Earth Is The Strangest Planet
Page 6
They took the boat and the field glasses, and went close in to examine the place. They made out a number of big ants, whose still postures had a certain effect of watching them, dotted about the edge of the rude embarkation jetty. Gerilleau tried ineffectual pistol shots at these. Holroyd thinks he distinguished curious earthworks running between the nearer houses, that may have been the work of the insect conquerors of those human habitations. The explorers pulled past the jetty, and became aware of a human skeleton wearing a loin cloth, and very bright and clean and shining, lying beyond. They came to a pause regarding this… .
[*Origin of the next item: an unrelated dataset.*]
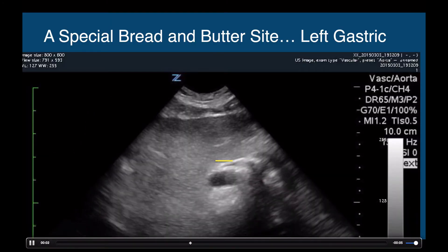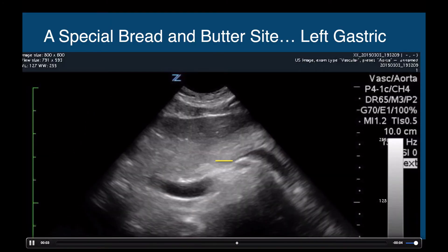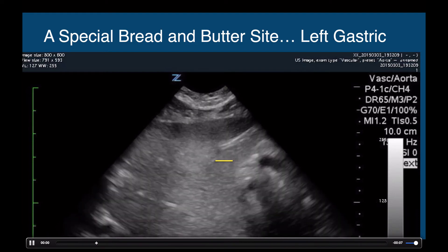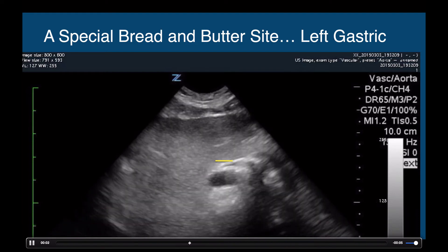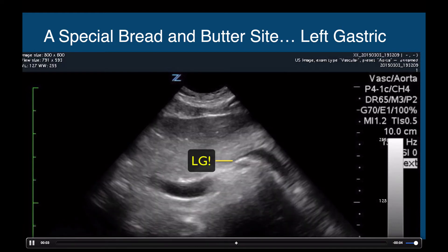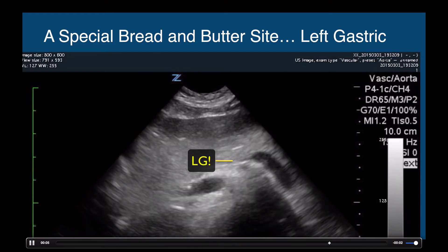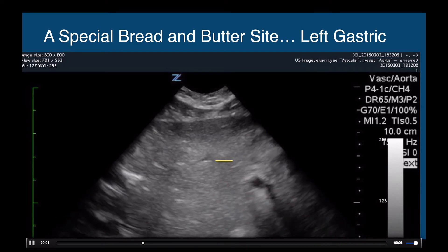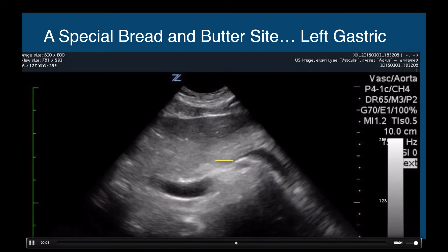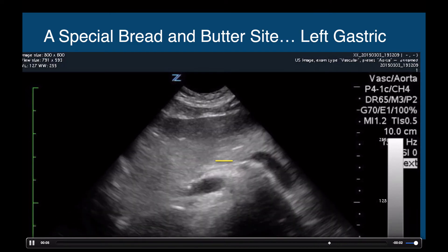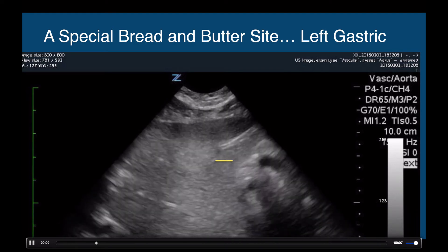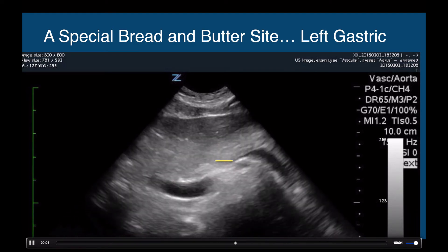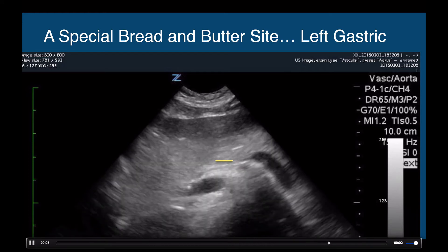Here we get a look at the elusive left gastric artery. We see the common hepatic and the splenic artery, and then we get a hint of the left gastric just as it's going superior. That's a special finding, and I want you all to look for this in your own patients.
“I ’ave all dose lives to consider,” said Gerilleau suddenly.
Holroyd turned and stared at the captain, realizing slowly that he referred to the unappetizing mixture of races that constituted his crew.
“To send a landing party—it is impossible—impossible. They will be poisoned, they will swell, they will swell up and abuse me and die. It is totally impossible. … If we land, I must land alone, alone, in thick boots and with my life in my hand. Perhaps I should live. Or again—I might not land. I do not know. I do not know.”
Holroyd thought he did, but he said nothing.
“De whole thing,” said Gerilleau suddenly, “ ’as been got up to make me ridiculous. De whole thing!”
They paddled about and regarded the clean white skeleton from various points of view, and then they returned to the gunboat. Then Gerilleau’s indecisions became terrible. Steam was got up, and in the afternoon the monitor went on up the river with an air of going to ask somebody something, and by sunset came back again and anchored. A thunderstorm gathered and broke furiously, and then the night became beautifully cool and quiet and everyone slept on deck. Except Gerilleau, who tossed about and muttered. In the dawn he awakened Holroyd.
“Lord!” said Holroyd, “what now?”
“I have decided,” said the captain.
“What—to land?” said Holroyd, sitting up brightly.
“No!” said the captain, and was for a time very reserved. “I have decided,” he repeated, and Holroyd manifested symptoms of impatience.
“Well—yes,” said the captain. “/ shall fire de big gun!”
And he did! Heaven knows what the ants thought of it, but he did. He fired it twice with great sternness and ceremony. All the crew had wadding in their ears, and there was an effect of going into action about the whole affair, and first they hit and wrecked the old sugar mill, and then they smashed the abandoned store behind the jetty. And then Gerilleau experienced the inevitable reaction.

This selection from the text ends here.